I stopped using USB sticks because as they got denser they also got slower. A 256 MB stick could be used to load a portable version of a web browser as if it were on a slightly seasoned internal hard drive; an 8 GB stick I tried might as well have been storing its contents on a remote cloud server on a goat farm in Tajikistan, and having to upload and download every time because it had no oboard cache.
“I stopped using USB sticks because as they got denser they also got slower.”
That’s because you’ve been buying the cheap ones, which are slow. Admittedly, it’s hard to find the fast ones, but I have a 32GB USB3 one that can be written to at 40+MB/s (megabytes, not megabits) and the read speed is somewhere in excess of 200MB/s, maybe even twice that.
*cough* stuxnet *cough*
You can’t trust external devices, but USB does.

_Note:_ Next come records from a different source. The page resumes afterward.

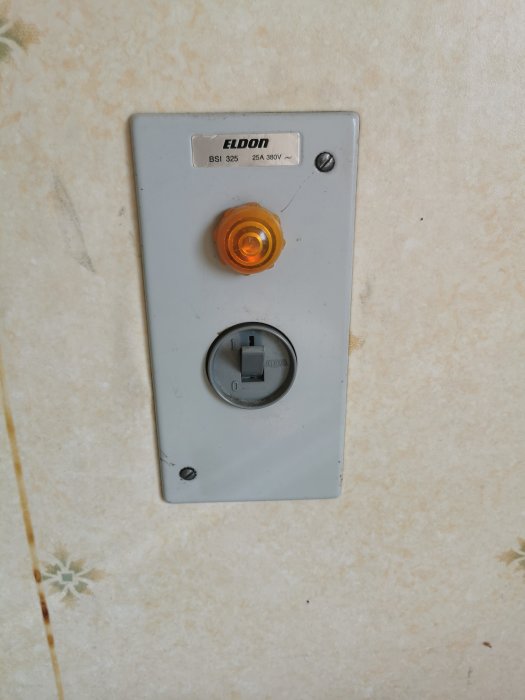 Gammal eluttag med etikett 'ELDON', orange lampa och strömbrytare på mönstrad vägg.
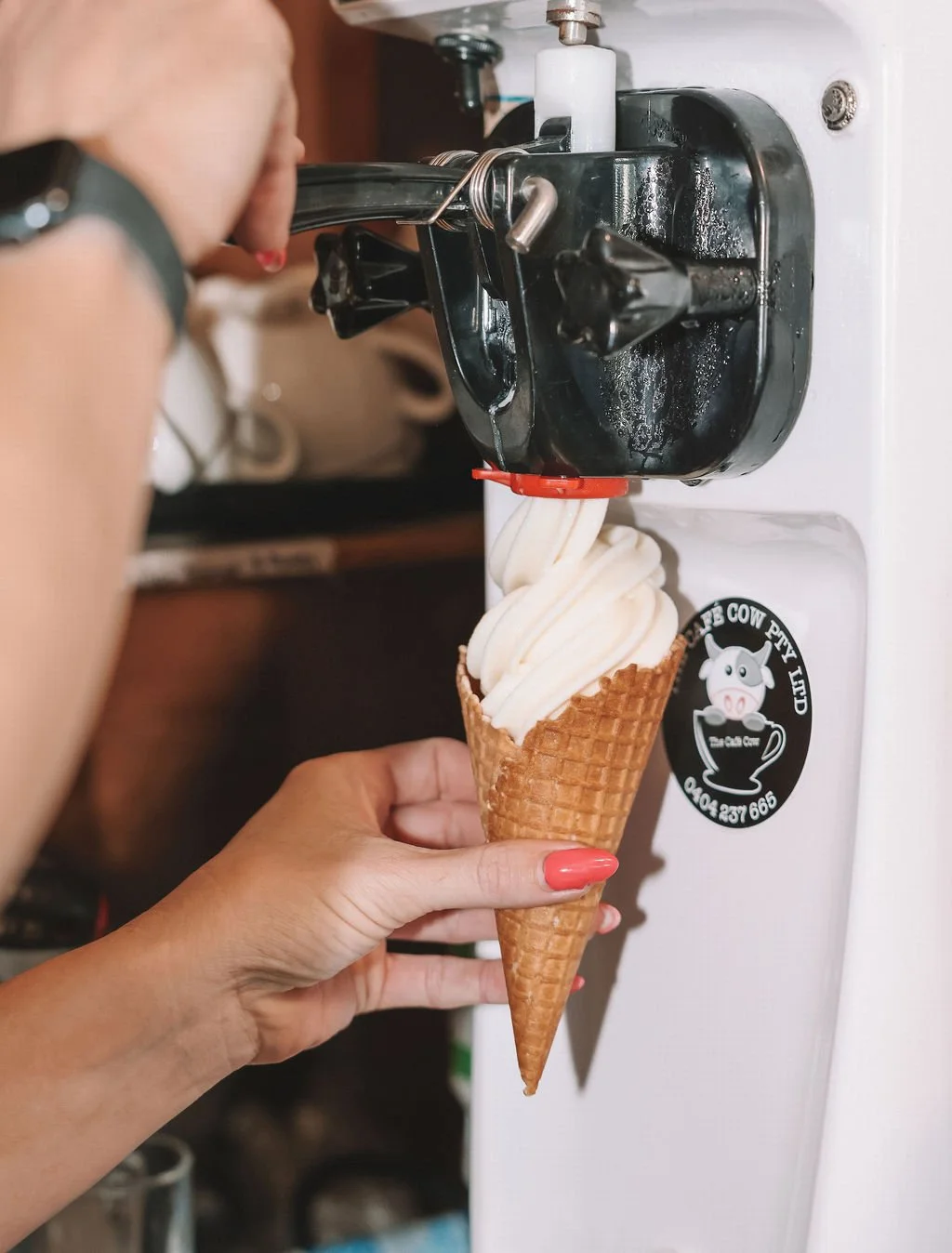 Person holding a vanilla ice cream cone under a black soft serve ice cream machine.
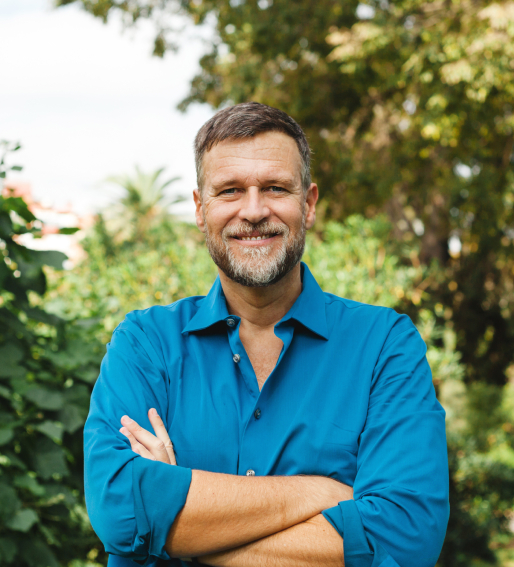 Man in a blue shirt crossing his arms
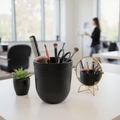 Black holder with makeup brushes and a comb on a desk in an office setting.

You don’t have to get that fancy, either; it’s easy enough to put a virtual keyboard and/or network interface in what looks like an ordinary thumb-drive: http://www.thinkgeek.com/product/ae83/?srp=7
Why in the world would these devices allow their firmware to be rewritten by a connected device in the first place? What’s the legitimate use case?
It might have something to do with loading device drivers.
Generally you would be *offloading* a device driver, though: from the USB stick to a computer, not the other way around.
To claim it’s unpatchable is ludicrous. It’s hard to believe anyone at a black hat conference would not release their code since that’s the only way to deal with malicious code. The USB can do nothing if the connected device takes precautions (like including a secure checksum with every file it saved.) Linux could be protected in less than a day.
Firmware update on USB devices isn’t standardized. The attack would have to recognize the device, apply the correct code sequence to USB endpoints not specified by standards, and upload firmware fitting the device.
Following the comments after the article, I got the impression that -while there is an issue- it’s not as bad as the authors claim.
There’s an MCU in there?! Oh, hell yes, this just begs to be hacked into something really useful.